**Recorded data**
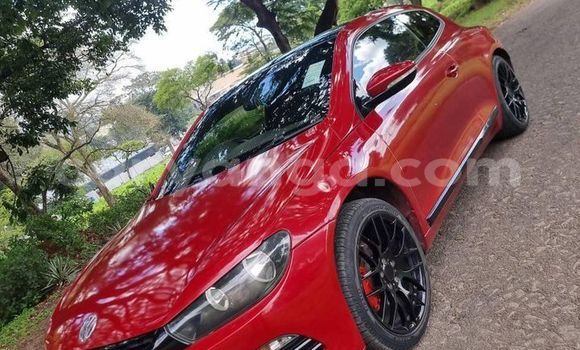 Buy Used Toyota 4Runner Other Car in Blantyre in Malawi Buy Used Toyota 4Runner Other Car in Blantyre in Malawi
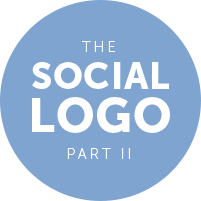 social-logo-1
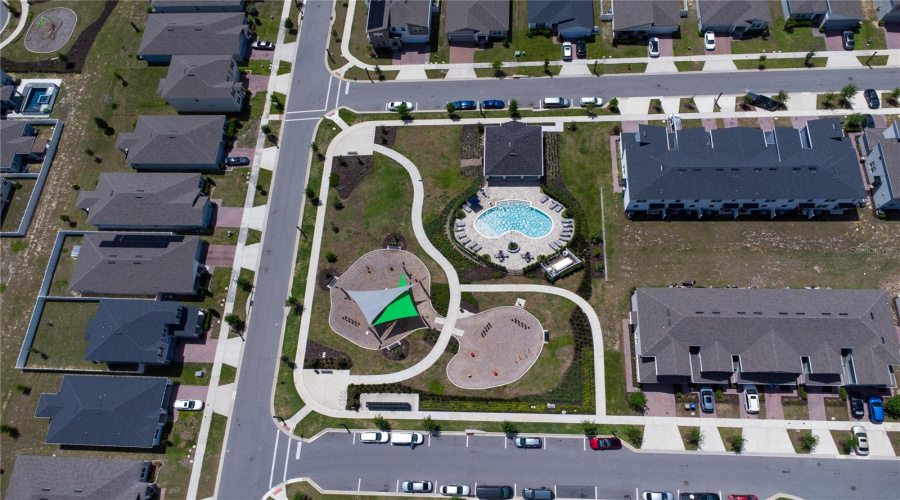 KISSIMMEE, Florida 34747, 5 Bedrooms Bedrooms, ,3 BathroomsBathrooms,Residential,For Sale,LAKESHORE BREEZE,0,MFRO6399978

**Task to carry out**
Please repeat every line from the listing above exactly as it appears. Drop the pictures.

**Exercise result**
 Buy Used Toyota 4Runner Other Car in Blantyre in Malawi Buy Used Toyota 4Runner Other Car in Blantyre in Malawi
 social-logo-1
 KISSIMMEE, Florida 34747, 5 Bedrooms Bedrooms, ,3 BathroomsBathrooms,Residential,For Sale,LAKESHORE BREEZE,0,MFRO6399978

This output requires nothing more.